But as i reflect on the whole picture i should have handle the frustrated moments better. I take the blame for not turning out to God, i try to do own my own and angry set in. Meeting became a diaster after diaster feeling were hurt including my Pastor. So I wanted to know stay their to show Gods grace and mercy or to leave to what maybe God want me to do. Larry Biue, I beleive that there is not a problem or sny situation to hard for God to solve. Sometimes we as humans can sometimes make a move before God tells us to move. I will say wait on God to lead you in this matter.
While waiting pray even the more so. Not just for yourself but, for your Pastor and the woman involved that God will move on them as well. Stay encourage and be of good cheer for your redeemer draws near. I say wait on the Lord. God Bless. Sis Johnnie. Dan thank you for your sermons on relationships and your blog. Your sermons are very good. I lost my faith and lost the love of my life.
She will not talk to me. I pray and seek counsel…. Thank you and God Bless you Dan. I had the affair because i hadnt heard nice words in so long from a person and i allowed satan to fool me because of how unhappy i was with my husband and all i lived threw. I have had a hard time dealing with it but i think god wanted to bond with me more and not be so worried about what that other person was doing or thinking.
I ve had to learn to trust god more and put everything in his hands and every minute of the day tell my self that god gave everything for me and not to feel like i wasnt worth it that i was trated for some one that was cooler than me.

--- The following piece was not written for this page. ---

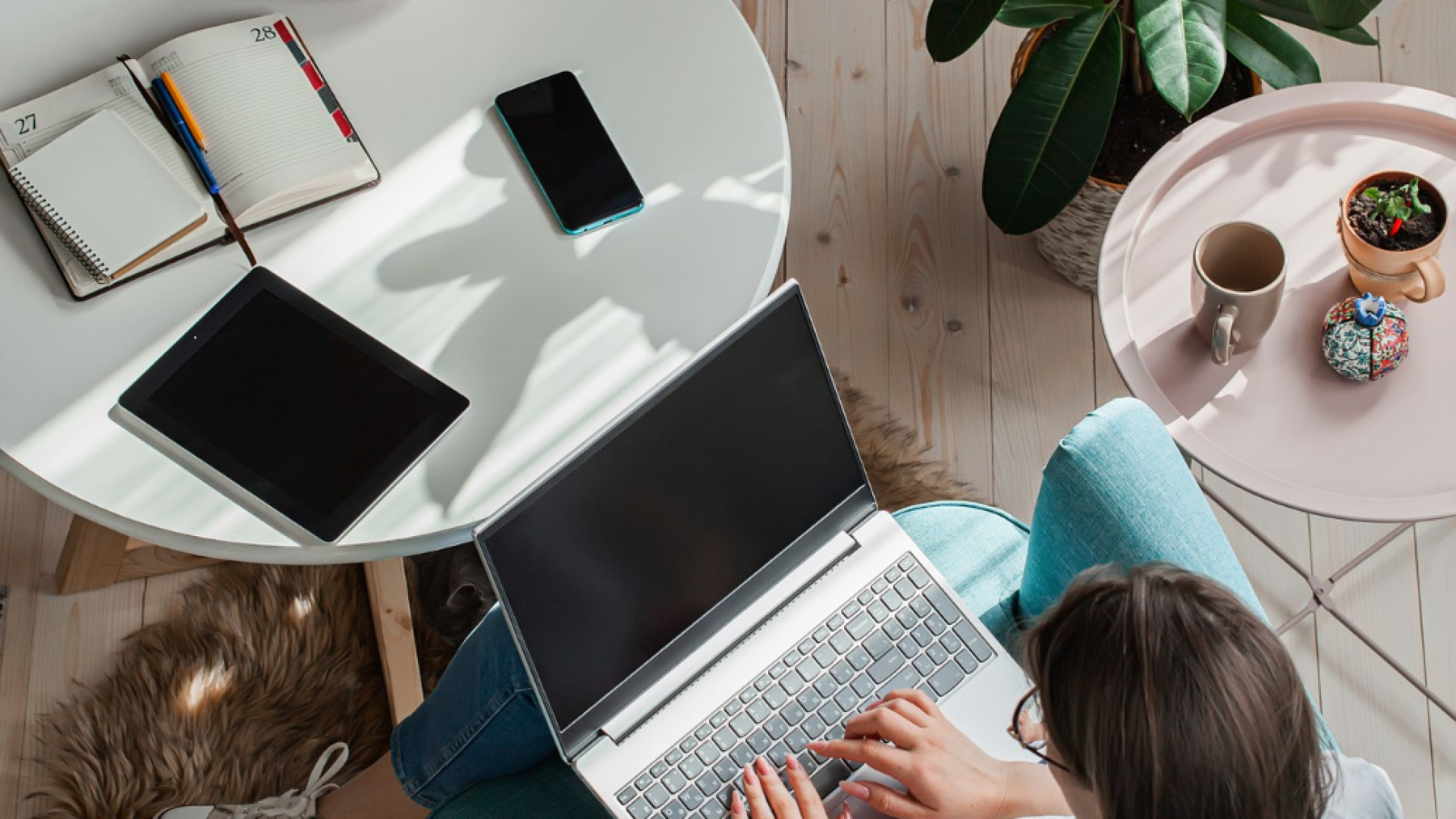 Le télétravail et l'ordinateur portable, comment choisir ?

I havent tried to make contact with him at all and neither has he i sometimes wonder was i that easy to forget but i try to feel my self with his love and just glorify him.
Its really been hard and ive cried so much but ive also opened my eyes to see that right now god and my 2 children need me and that i have another angel i lost 9 years ago that loves me too. Lets all encourage and pray for god not to soully restore those relationships but restore our hearts and heal and that he restores or open new doors for us accourding to his wil like jeremiah says for i know that plans i have for declares the lord not to harm you but to give you a better future.

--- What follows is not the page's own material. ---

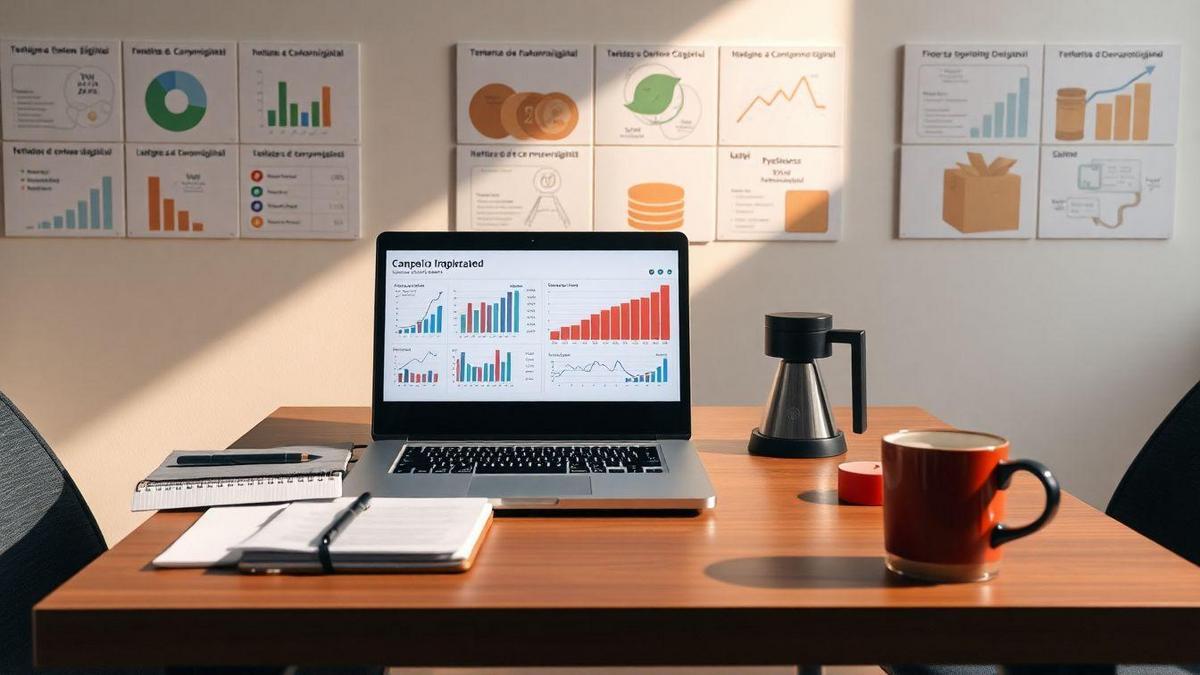 Retorno sobre Investimento (ROI) em Campanhas Digitais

I pray for my happiness and also that of my former partner. At times our hearts seem to come back, especially in time of crisis. He shares with me his fears and his plans.
At times his heart is closed and bound off to me. Through prayer I had recognized my hand in damaging the sanctity of our relationship through anger, jealousy, insecurity and abuse.
I pray that he could forgive me instead of just forgetting my past wrong. I had not tried when I could to restore this trust but instead moved further from truth by succumbing to others. It is only when i have time alone that i started to see within. I had not trusted and grateful for this gift of his love and care. Seeing that he is much more fulfilled away from me, I could not pray for reconciliation although this is what I want. My fiance left me…I was really good to him, I love the Lord and I faithful.
Actually my fiance was a troubled man. Although he cheated and left me I wanted peace and to just start over. I thought we were in love but noticed he just seemed to hate me.